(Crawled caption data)
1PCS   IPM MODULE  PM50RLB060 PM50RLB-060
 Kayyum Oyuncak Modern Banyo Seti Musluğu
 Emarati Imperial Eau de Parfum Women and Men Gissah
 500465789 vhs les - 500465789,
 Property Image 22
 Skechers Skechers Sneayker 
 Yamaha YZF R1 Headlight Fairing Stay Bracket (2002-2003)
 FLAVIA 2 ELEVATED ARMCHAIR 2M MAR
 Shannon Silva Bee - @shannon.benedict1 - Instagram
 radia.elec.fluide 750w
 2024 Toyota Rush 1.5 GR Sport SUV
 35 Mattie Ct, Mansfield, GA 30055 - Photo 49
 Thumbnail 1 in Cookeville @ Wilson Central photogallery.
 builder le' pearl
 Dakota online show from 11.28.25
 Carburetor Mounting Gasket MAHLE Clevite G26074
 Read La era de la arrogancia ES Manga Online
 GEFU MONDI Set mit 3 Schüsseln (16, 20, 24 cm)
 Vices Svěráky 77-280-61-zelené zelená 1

What to do
Every record must be transcribed exactly, with no line skipped.

Written solution
1PCS   IPM MODULE  PM50RLB060 PM50RLB-060
 Kayyum Oyuncak Modern Banyo Seti Musluğu
 Emarati Imperial Eau de Parfum Women and Men Gissah
 500465789 vhs les - 500465789,
 Property Image 22
 Skechers Skechers Sneayker 
 Yamaha YZF R1 Headlight Fairing Stay Bracket (2002-2003)
 FLAVIA 2 ELEVATED ARMCHAIR 2M MAR
 Shannon Silva Bee - @shannon.benedict1 - Instagram
 radia.elec.fluide 750w
 2024 Toyota Rush 1.5 GR Sport SUV
 35 Mattie Ct, Mansfield, GA 30055 - Photo 49
 Thumbnail 1 in Cookeville @ Wilson Central photogallery.
 builder le' pearl
 Dakota online show from 11.28.25
 Carburetor Mounting Gasket MAHLE Clevite G26074
 Read La era de la arrogancia ES Manga Online
 GEFU MONDI Set mit 3 Schüsseln (16, 20, 24 cm)
 Vices Svěráky 77-280-61-zelené zelená 1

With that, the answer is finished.